“Kathleen, I hate to bother you, but Oly is comin’in on the bus Friday. Would you mind takin’ me to pick her up?” I listened in as Miss Laura buttered my biscuit.
“Sure, I’ll be glad to. Is that the one whose husband just died?” Mother asked.
“Yes, he’d been sick in bed a long time,” replied Miss Laura. “I was poorly when he died and couldn’t make it for the funeral, so Oly told me to just wait an’she’d come stay awhile after she got him buried. We never got to visit much. She was just a baby when she married an’ and I only got to see her once in a great while.”
I was fascinated with the idea of a baby marrying and couldn’t wait to see her. Maybe we could play together. As I stood on the step with my biscuit, I was lost in thought. imagining a pig-tailed girl my age steeping off a school bus, the only bus I knew a thing about.
Mother pulled in at Mitchell’s Cafe out on the highway on Friday. We sweltered in the July heat as Billy and I tusseled in the back seat. Mother and Miss Laura Mae fanned themselves as heat monkeys danced on the pavement. Dust fogged in the open car windows as a long gray vehickle with a picture of a skinny dog pulled up.
“Here she comes!” Miss Laura Mae clutched her big black purse and heaved herself out of the car as the bus door opened.

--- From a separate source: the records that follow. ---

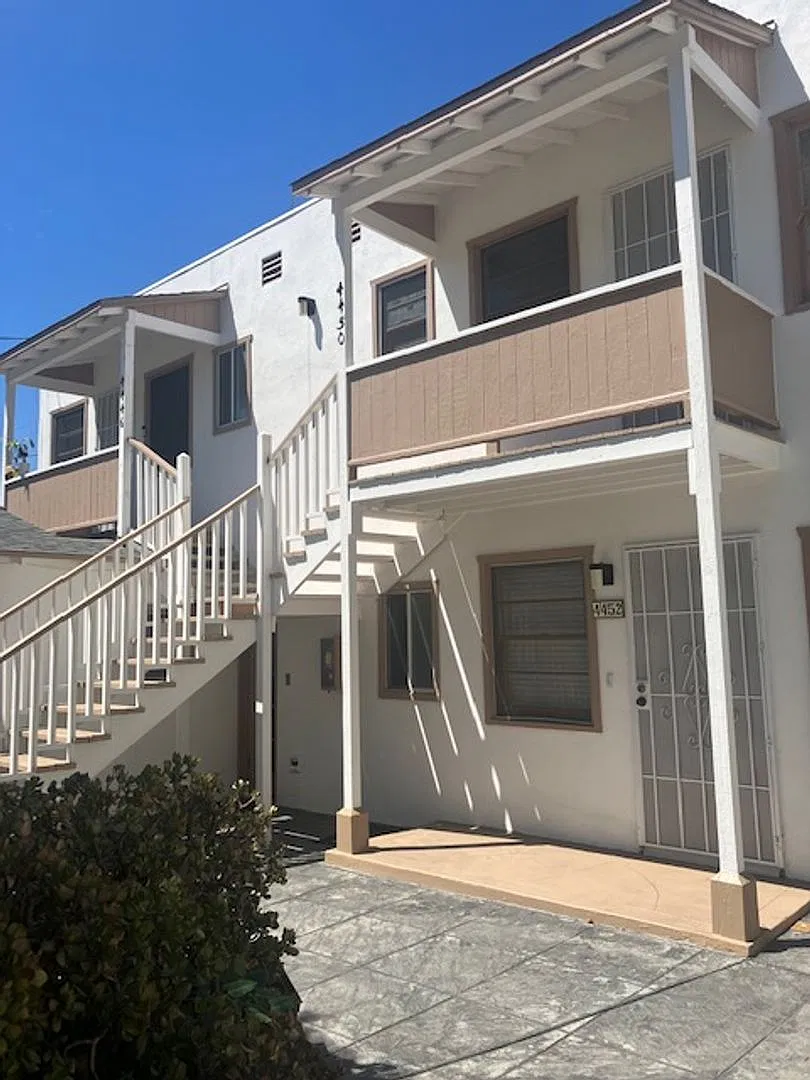 Marlborough Avenue — Photo 1
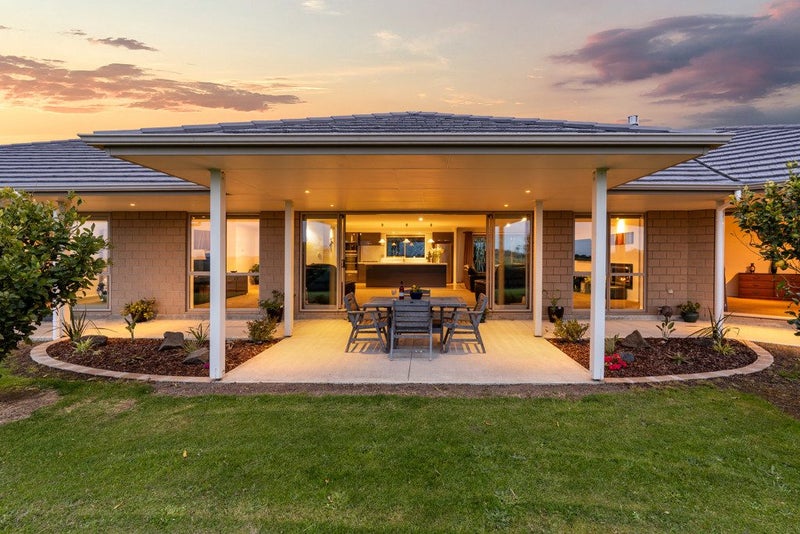 1518 Old North Road, Helensville, Helensville - Carousel 1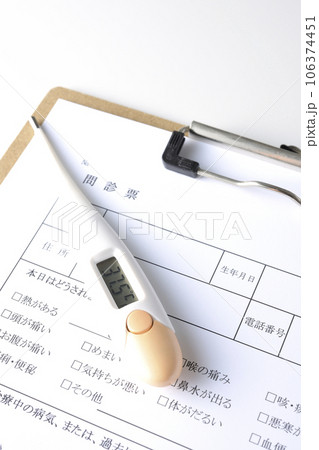 問診票と体温計を白背景で撮影 問診票と体温計を白背景で撮影 106374451
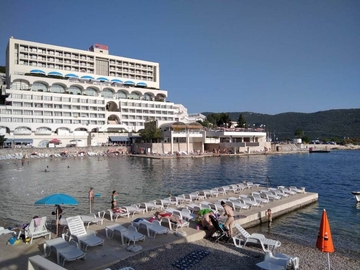Učenici vraćeni s ekskurzije u Neumu: Otrovali se hranom u hotelu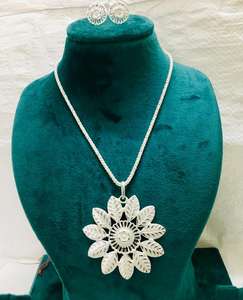 Boucles d'oreilles bohèmes vintage faites à la main en alliage de zircon pour femmes, design personnalisé, en laiton plaqué or - Product Image 6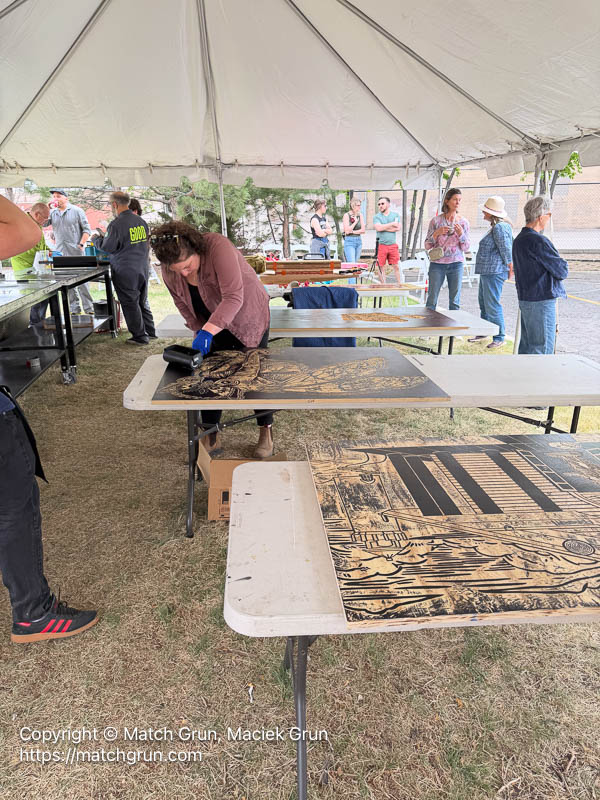 ip17-0324-Inking-The-Woodblock-No-1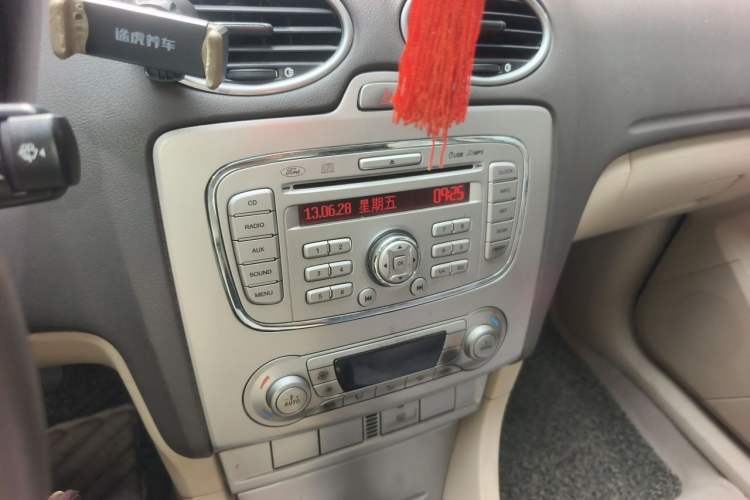 Used Ford Focus 2013 Sedan Classic 1.8L Manual Fashion Edition Audio And AC Panel
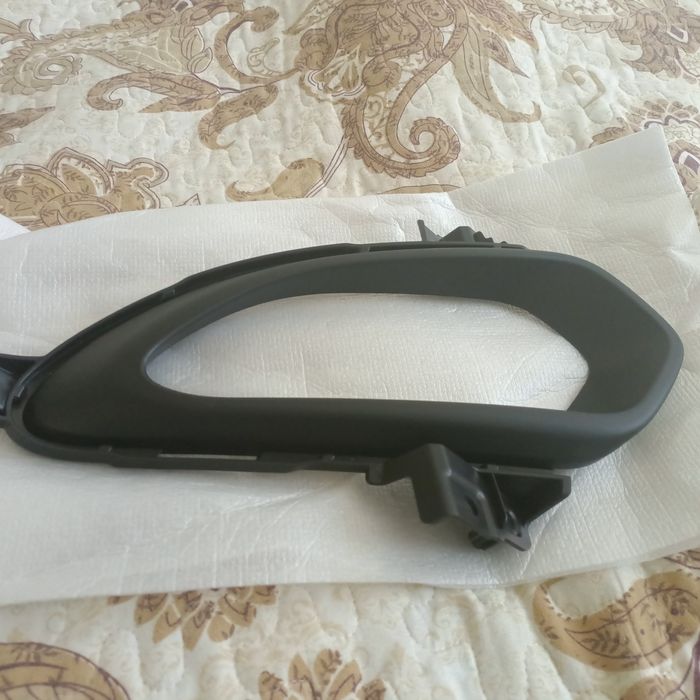 Окантовка противотуманной фары Kia Ceed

I sat up and watched for a little girl in a wedding dress to emerge, but no one got off but an old lady in a flowered dress. Miss Laura Mae hurried over, catching her in a huge hug smashing their identical pushes between them. Her curly white hair was caught up in a hair net and she wore the same black lace-up old lady oxfords as Miss Laura Mae. The bus driver pulled her bag from a bin on the side of the bus. Mother helped her load it in the trunk.
“Kathleen, this is my sister, Oly.” Sadly, I abandoned my hope of a playmate.
“Nice to meet you, Miss Oly. How are you doing?”
“Oh, I couldn’t be better,” said Miss Oly. “I ain’t baked a biscuit since June 6th, the day my Ol’ man died!”
Miss Laura Mae and Miss Oly laughed out loud as Mother replied, “Oh, that’s nice,” as she cranked the car.